As a member of South Korean group Girls’ Generation, Jessica Jung made a name for herself in the highest echelons of pop royalty. Having since gone solo (she left the group in 2014) and launched a fashion line, with plans to open a flagship store in Seoul, Jung is now taking readers on a journey to stardom in her debut YA novel, “Shine.” Released Sept. 29 from Simon & Schuster Books for Young Readers, the novel tells the story of Rachel Kim, a Korean-American trainee at an entertainment company in Seoul working hard to get the chance to debut as a K-pop star.

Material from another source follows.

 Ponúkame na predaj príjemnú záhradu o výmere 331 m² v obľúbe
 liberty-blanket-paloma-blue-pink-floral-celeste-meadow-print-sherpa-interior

Rachel’s road to success is filled with performances, friendships, cattiness and romance, splashed with a healthy dose of reality as Jung weaves fact and fiction throughout to share insights into the highly competitive world of K-pop.
Writing a book is the latest turn for you in your multifaceted career. What inspired “Shine”?
I always thought my life wasn’t normal. It was very unique. As much as it can be very glamorous and pretty on the outside, there can be a lot of drama, a lot of sacrifices. I felt it was time for me to tell the story. I wanted to show the readers how it began, where it all started. Take them step by step through the process, behind the scenes, things they don’t know. Because you can see the career and how it goes, but you never really know what happened before that. I’m from San Francisco, so I thought that part of the story would be interesting for the readers to read, especially in the Western world.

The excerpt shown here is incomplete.